Hubby and I have been together for 13 years, married 7, we have 2 kids, 5 and 2.

He has been in a different state for 3 months for work. I stayed behind with the kids so the 5 year old could finish preschool. In 3 more months we are supposed to move where he is to be reunited as a family. 

But I'm having second thoughts. There are no obvious problems in our marriage. No abuse or infidelity. But I'm just not happy. I feel like I am going through the motions. When we video chat I find we have little to talk about. So obviously adding a cross country move into the mix will only cause more stress. 

But if I say I'm not moving then our family will be torn across the country.
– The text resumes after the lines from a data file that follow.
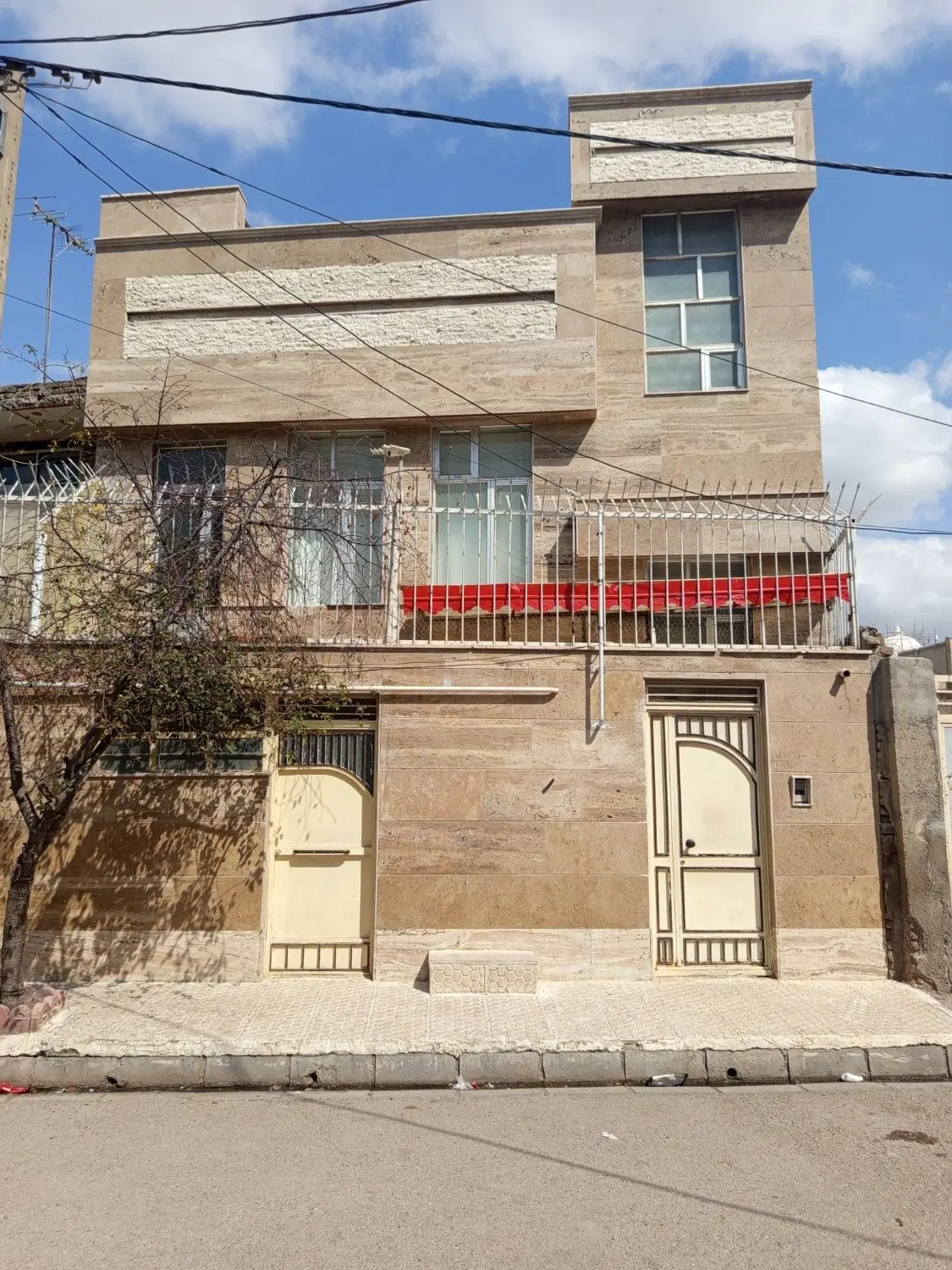 منزل ویلایی دوطبقه بابهارخواب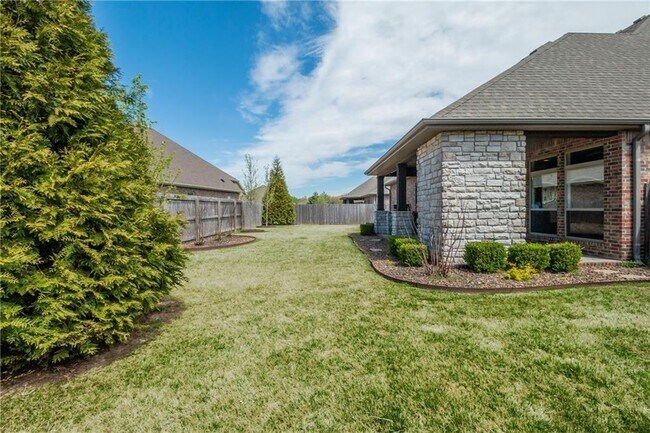 Building Photo - 5404 SW Lavender St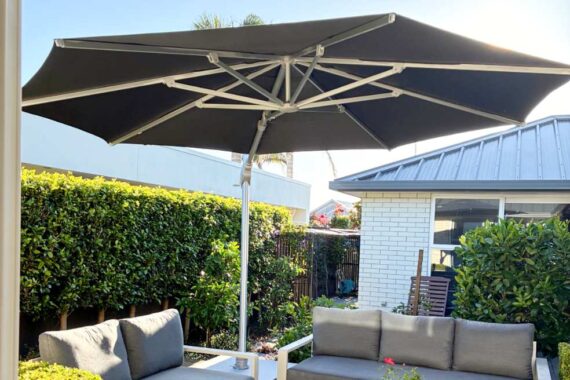 3.5 x 3.5 M THE BEST VAKUE LARGE OCTAGONAL umbrella nz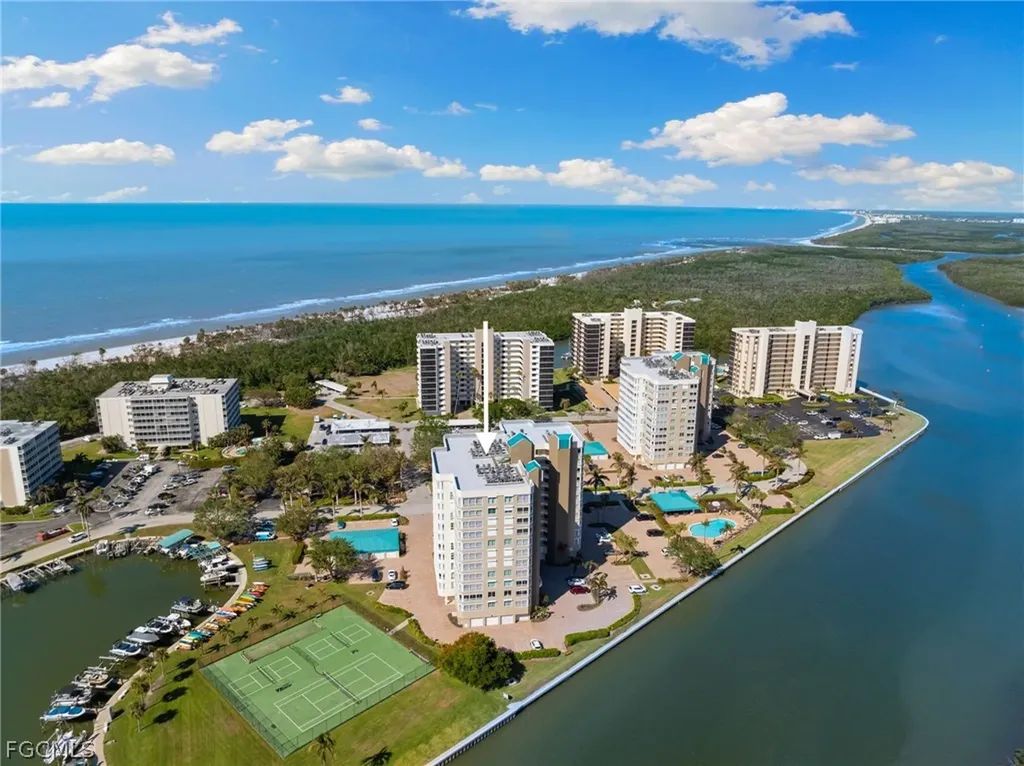 25 Bluebill Avenue Naples FL 34108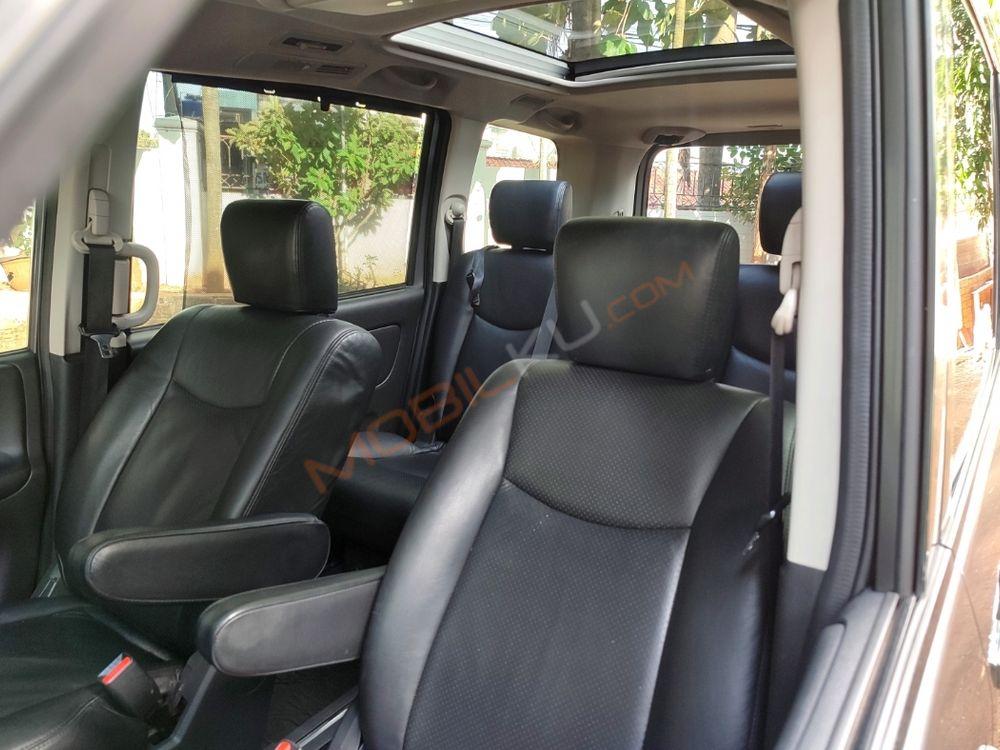 Mobil Nissan Serena 2015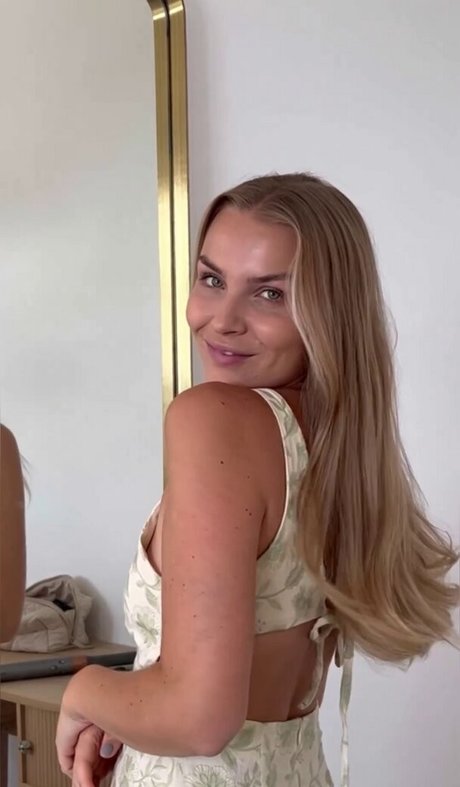 fansly onlyfans sexy pics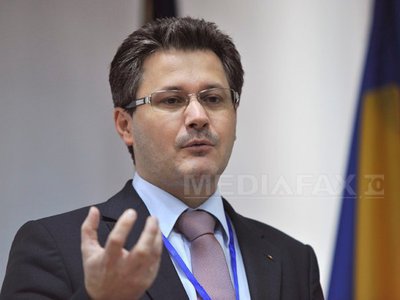 Ministrul Mihnea Costoiu, audiat ca martor în dosarul licențelor IT pentru școli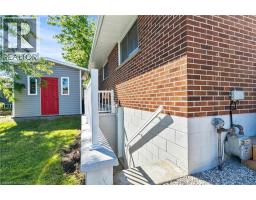 27 BOBOLINK Road - 44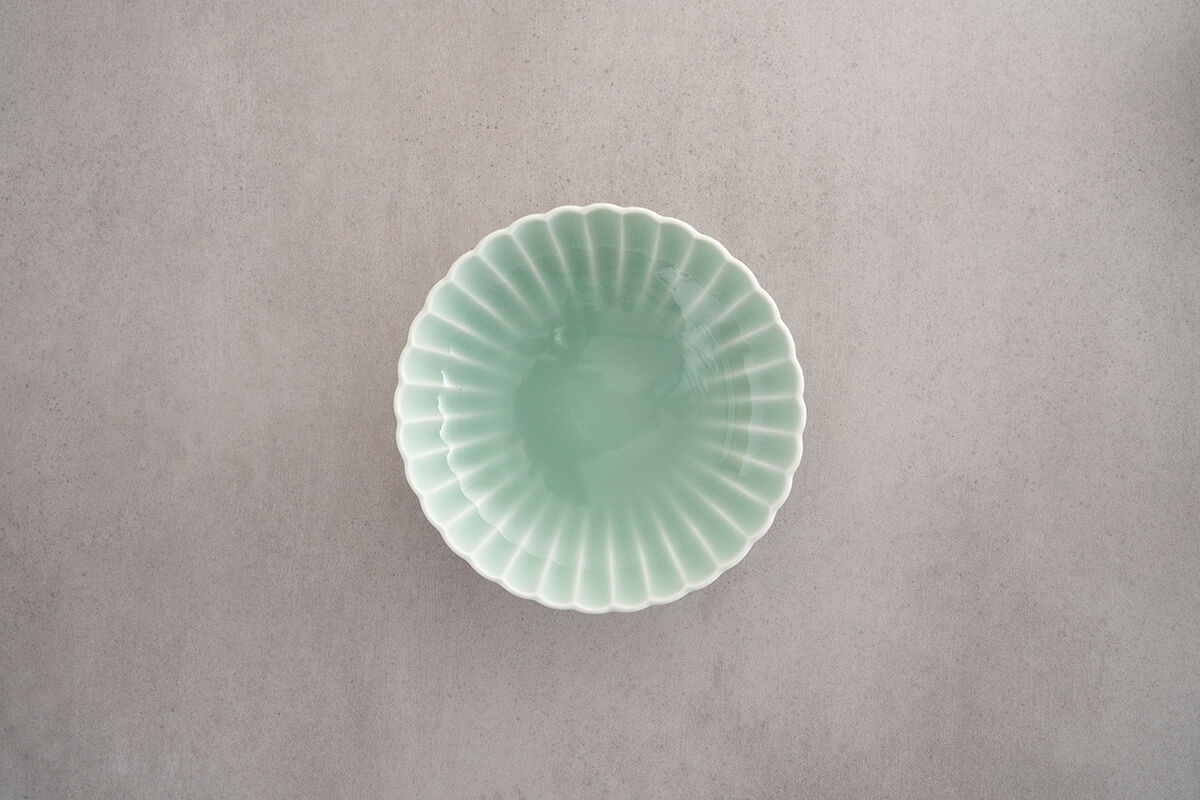 青磁菊32方5寸鉢（深） | 鍋島 虎仙窯オンラインストア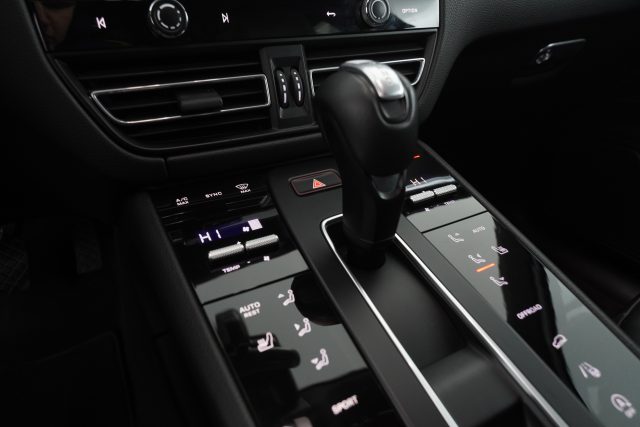 PORSCHE Macan usata 18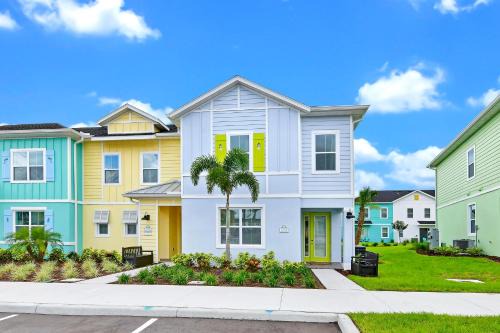 West Kissimmee Villa | Cool Cottage Near Disney With Margaritaville Resort & Island H20 Waterpark Access - 3184Cs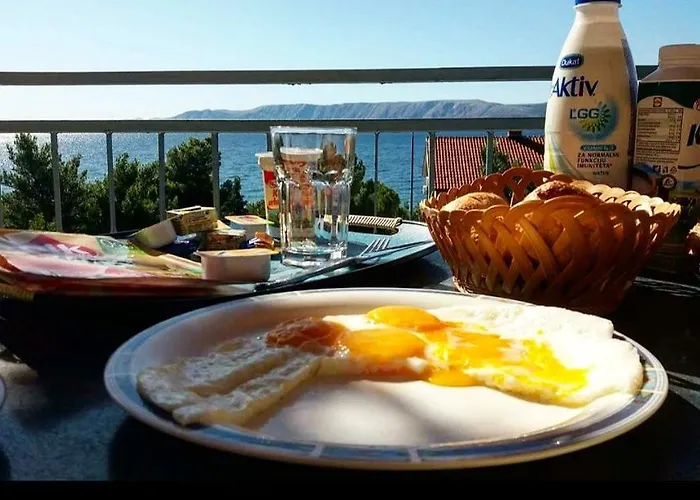 Alojamento de Acomodação e Pequeno-almoço Ema 3*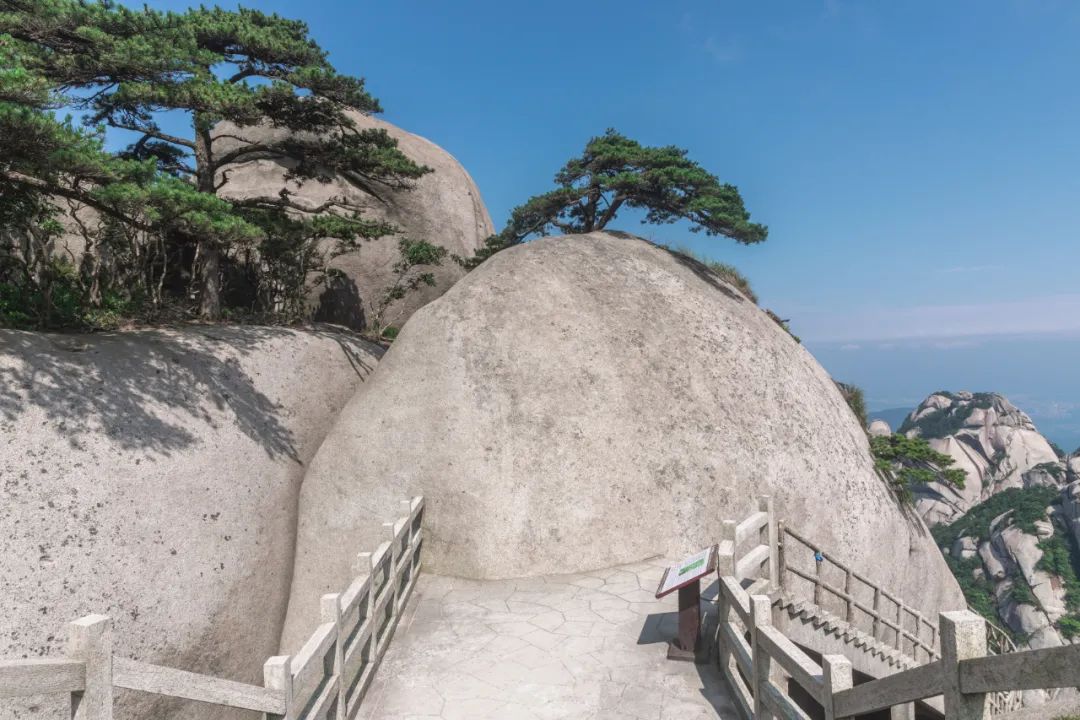 五岳中的南岳位于哪个省,九华山和天柱山哪座更值得游一游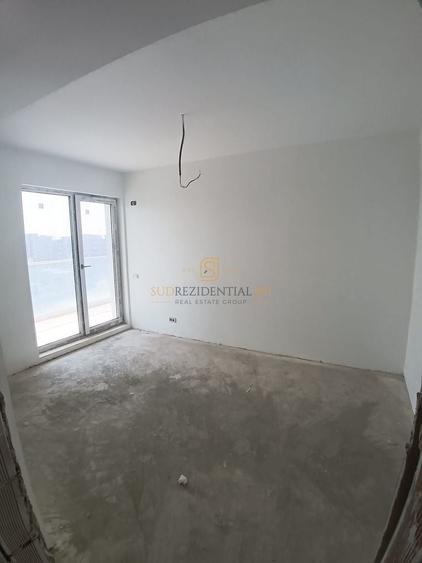 Apartament cu 5 camere decomandat în 13 Septembrie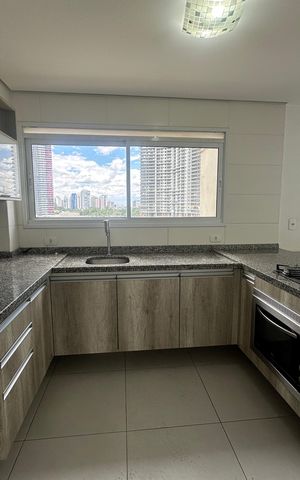 Apartamento para alugar com 136m², 3 quartos e 2 vagasCozinha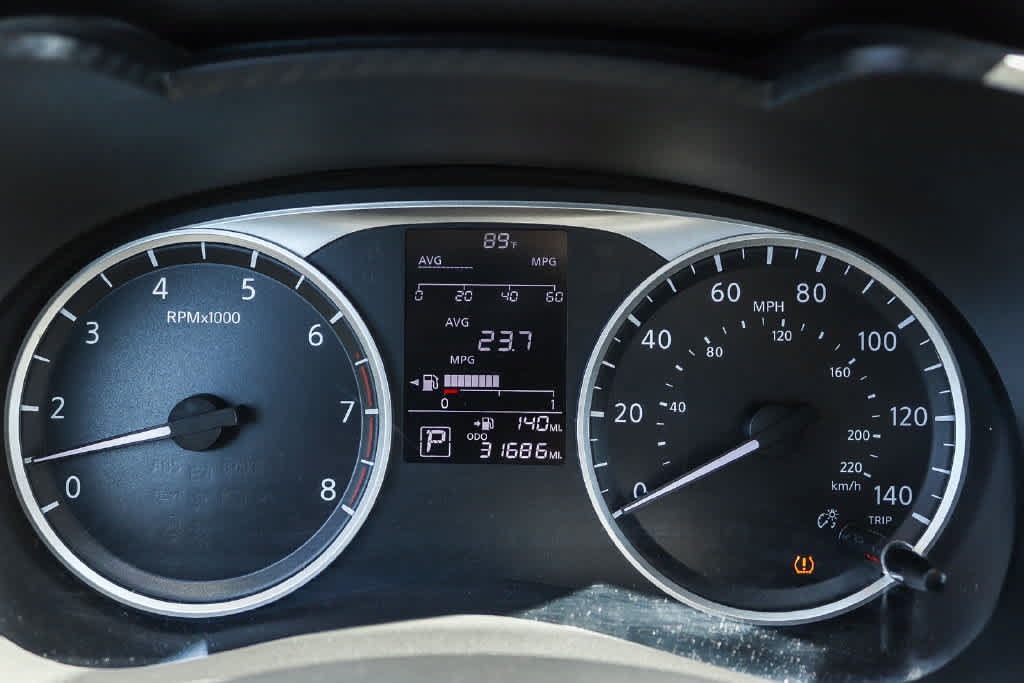 Used 2025 Nissan Versa S w/ Trunk Package FWD image 24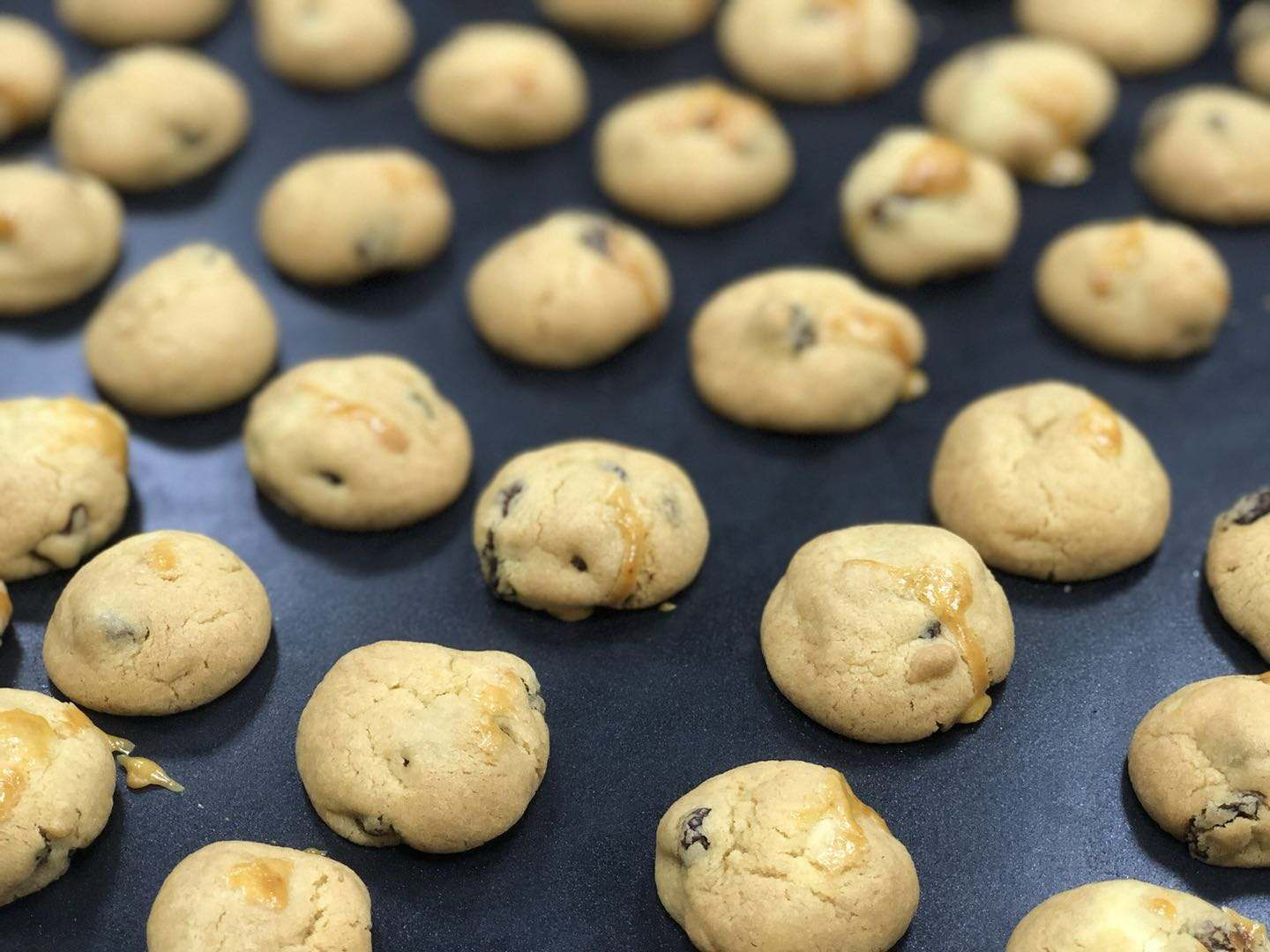 鲍师傅网红店排队,鲍师傅在南京排队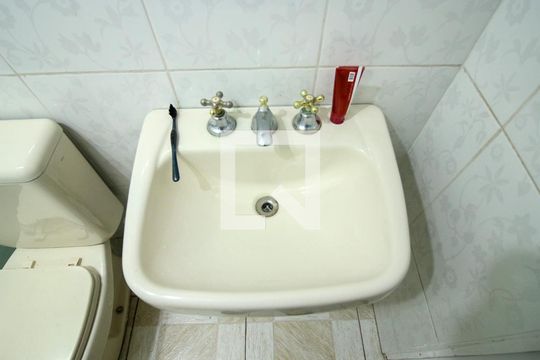 Banheiro de apartamento para alugar com 2 quartos, 50m² em Jardim Santa Teresinha, São Paulo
We can't do counseling as we are hours apart. I know I need to tell him how I feel (he will be blindsided), but it seems like a crummy conversation to have over email or video chat. 

He came back for a few days and I found it more disruptive and stressful, than exciting. I know that isn't a good sign. But I don't know what to say. I know he will want to bend over backwards to make me happy, but I don't know what I need. I just know I need more. But asking for "more" seems like an unfair request to make of him. 

I don't know what advice I am seeking here. I think I just needed a place to write out my thoughts as I can't talk to him easily. I have only just opened the "divorce" door in my mind so I'm trying to feel out my options. 

Thanks for reading


----------



## mattsmom (Apr 2, 2013)

Supermum, I'm really sorry to hear about your situation. It is very difficult, to be sure, to open up a dialogue about feelings, especially when you're not certain exactly what you have going on. I think, though, that honesty is certainly the best route for both of you, in the long run. I'm at a point where I have been having these same types of conversations with my husband. I wish I could tell you that it's easy. Face to face is certainly best, but if that's not possible, then do the video chat. He needs to see your face and understand the depth of the emotion that you are or are not experiencing. I wish you the very best of luck.

Mattsmom


----------



## norajane (Feb 7, 2012)

> But I'm having second thoughts. There are no obvious problems in our marriage. No abuse or infidelity. But I'm just not happy. I feel like I am going through the motions.


All marriages go through lull periods. It especially happens when you're feeling distant and disconnected, especially when you have children and life becomes focused on them rather than on your relationship as husband and wife, and especially when you've been together for a long time and have achieved a lot of your goals (having kids, jobs, etc.). Doing the same things every day can make you feel like that, and like there's nothing to look forward to or no challenges. 

That doesn't mean you throw in the towel and tear up a family just like that.

You and your husband can do the work to reconnect and it will feel like you've revived your marriage. For all you know, you could just need a really good vacation with just your husband and away from the kids so you can fall in love again.

Don't give up just like that.


----------